Right ascension: 20:37:21.6


Epoch: ICRS

Constellation: Cepheus

Corresponding Earth location: An area in the interior of northwest Greenland

So, VW Cephei is a binary star system at a distance of 86.4 light years (26.5 pc) [1,2] that contains two yellow-orange stars (or orange-yellow stars). I've discussed a lot of binary star systems and multiple star systems in this podcast so far, but VW Cephei is actually a type of binary star system that I haven't covered yet. It was identified in 1926 as an example of what is called an eclipsing contact binary system [3]. Alternately, it is often referred to as a W Ursa Majoris type variable star after the first star system that was identified as an eclipsing contact binary.

So now, an explanation for what an eclipsing contact binary star system is. In most binary star systems, the stars are usually separated by a large enough distance that they generally exist as distinct individual stars within the star system even though the stars are still gravitationally bound to each other and still orbit around the center of gravity in the system. If the stars are relatively close to each other, though, they will tidally distort each other, so they will look kind of elliptical, and they could heat each other's surfaces. If the stars are really close, then the outer atmospheres of the stars will touch each other and merge together, and the two stars will end up enveloped in a single oblong layer of gas [4]. This is what is happening in VW Cephei and other contact binary star systems. In addition to this, VW Cephei happens to be oriented in such a way that, as seen from Earth, the stars eclipse each other, and this causes the star system to vary in brightness.

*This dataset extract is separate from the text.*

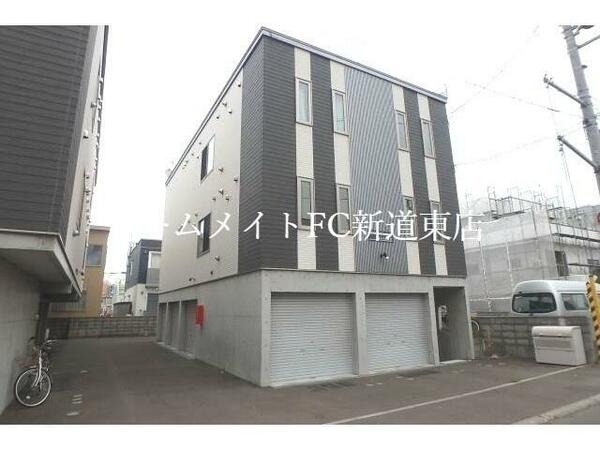 北海道札幌市東区本町一条１丁目(賃貸アパート1LDK・3階・29.11㎡)の写真 その1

Based on the most recent models of this system, the two stars in VW Cephei have very different sizes. The bigger star is about the same size as the Sun, although it's slightly more massive, while the smaller star has a diameter that is close to half the size of the Sun (ignoring the parts that are distorted by the tidal forces in the star system) [5]. The stars are only separated by a distance equivalent to the diameter of the Sun [5], so you can imagine just how close they would look to each other if you were in a spaceship in the star system (or if you were just outside a spaceship in the star system). Because the stars in VW Cephei are so close, they not only share an outer layer of gas but orbit each other very rapidly. They complete an orbit around each other about once every six and a half hours [5], so during a typical night of observing the star with a telescope on Earth, astronomers can watch each star eclipse the other star at least once. These eclipses produce distinct drops in the brightness of the star system.

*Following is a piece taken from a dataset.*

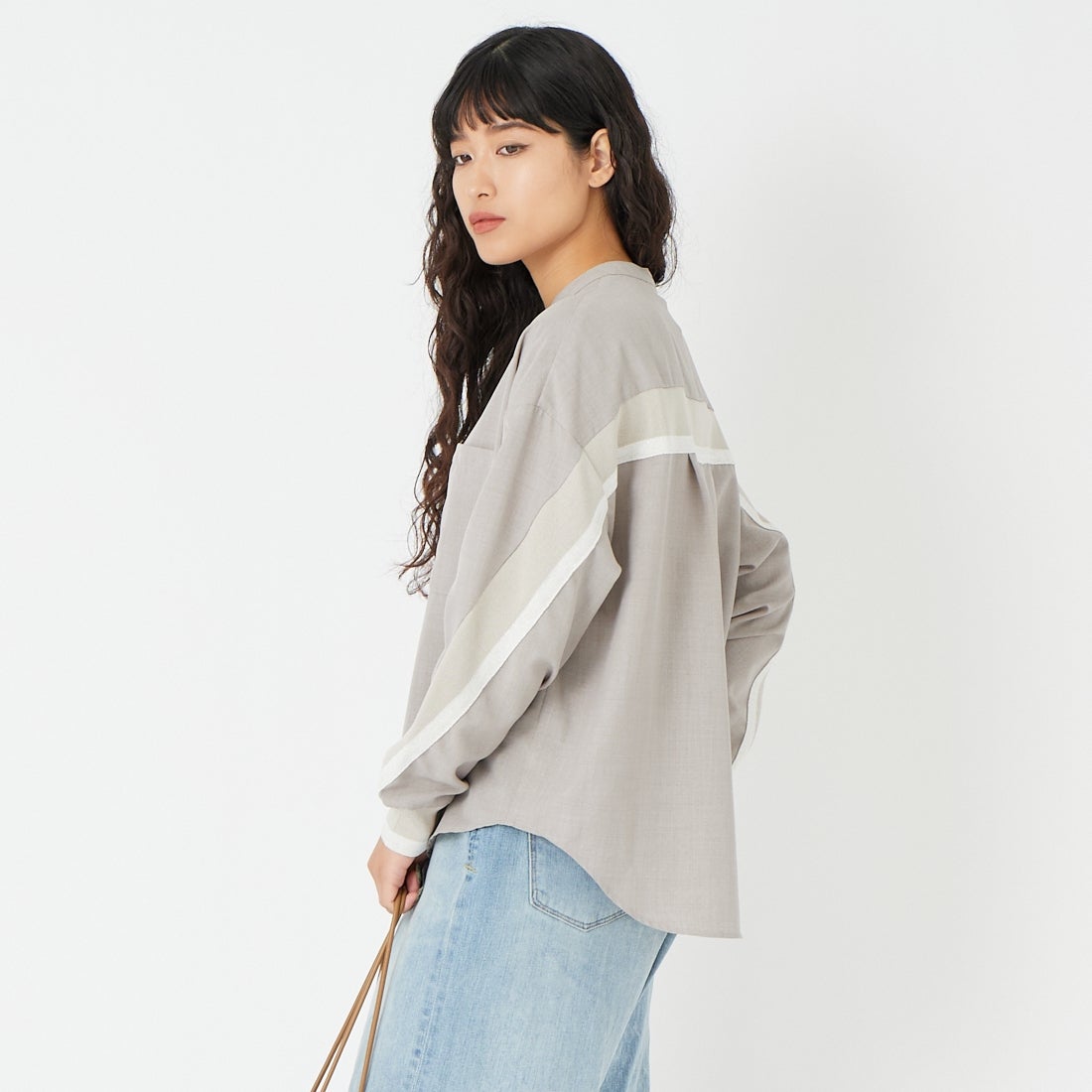 Jf Ready Made [ジェイエフレディメイド] 麻調バックヨークテープ切替ブラウス [4126126] ｸﾞﾚｰ &&モデル身長：162cm 着用サイズ：F&&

However, astronomers noticed that the variations in the brightness of these two stars was a little bit more complex than what could be explained by just one star eclipsing the other one. This turns out to be the result of starspots on the bigger star [5]. Starspots, which are the same as sunspots but on stars other than the Sun, are slightly cooler parts of the stars' surfaces that are usually associated with strong magnetic fields as well as bright flares that produce large amounts of energy across the electromagnetic spectrum. The magnetic fields in the Sun by itself are rather complicated and difficult for astronomers to describe, so you can imagine that the tidal distortion of the two stars in VW Cephei has made the magnetic fields extra weird. It's usually very difficult for astronomers to map the starspots on other stars because they are very far away, but the unusual light variations in VW Cephei allowed astronomers to figure out that the larger star had either a couple of large starspots or a couple of clusters of starspots on its surface [5]. These starspots produce other effects as well. I was particuarly impressed by the results of X-ray observations of this star system that not only detected the thin, hot outer corona of gas that envelops both of these stars but also detected flares associated with the magnetic fields around the starspots [6,7,8].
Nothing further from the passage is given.